On the topic of becoming the other I found interesting a small pencil triptych of his entitled the Shamanism Series.  The three images each feature dangling animal carcasses above lovingly rendered, disembodied, animal heads; the carcasses are interspersed with hanging, headless, male human torsos, strung up by one leg as if presented, along with the carcasses of the animals, for sale and consumption.  As you move through the triptych the carcasses do not significantly change in detail, but the heads do.  In the first image the heads are all animal (although there is one human foot present); in the second, there are two adult male heads with eyes closed; and in the third, three infantile human heads stare wide-eyed directly at the viewer.  Over the course of the viewing one is more and more directly confronted with the idea of humans as carcasses, humans as meat, humans as nothing more (or less) than the animals pictured around them.
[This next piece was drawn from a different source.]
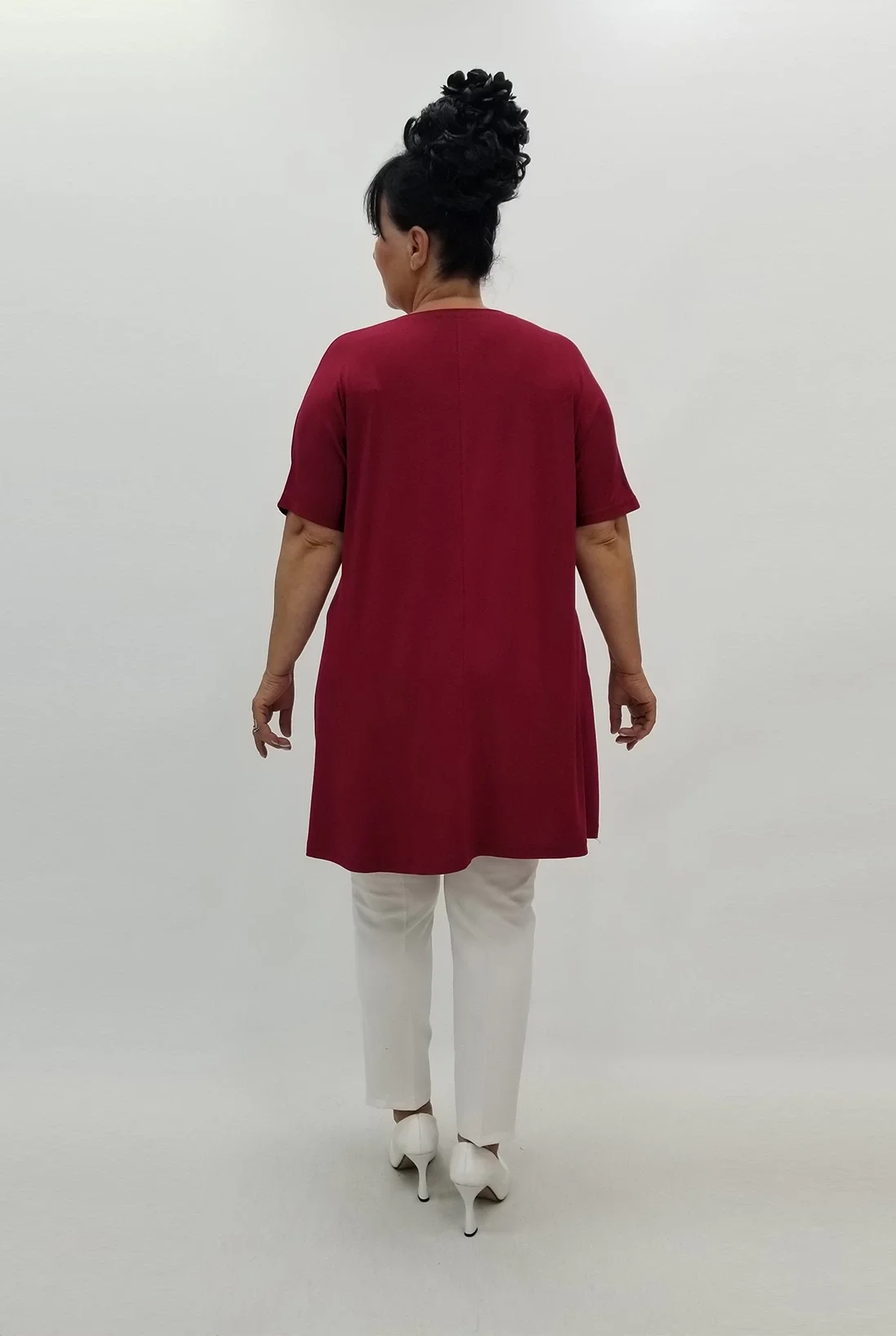 Miraggio Büyük Beden Tunik 99859 BORDO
What interests me most about this series of images is that, in endeavoring to transmit to the viewer the idea of humans as meat, the artist cannot bring himself to actually picture the humans as meat.  The animal carcasses are skinned, gutted, dismembered; the humans are missing only their heads, and occasionally their off legs.  They have not had their internal organs or skin removed; they have not had their hands and feet cut off; they are certainly not shredded like some of the animal parts.  They are not strung up by a hook under the Achilles tendon as are real meat animal carcasses, but instead suspended via ropes around the ankle.  The animals are as meat as it is possible to get; the humans are still very human-shaped.

I’m probably missing some deep symbolism here, and perhaps the art is about something entirely other (try as I might, I cannot find an artist commentary for the images).  Maybe it was just very, very difficult to find artist’s models for gutted human torsos (and that is a good thing).  Maybe properly dressed human carcasses did not look human enough to be identifiable, and did not completely make the artist’s point.  However, it really does interest me that in a series of images seemingly devoted to humans becoming the other, becoming the meat animals we consume, the artist could not quite bring himself to completely depict humans as meat.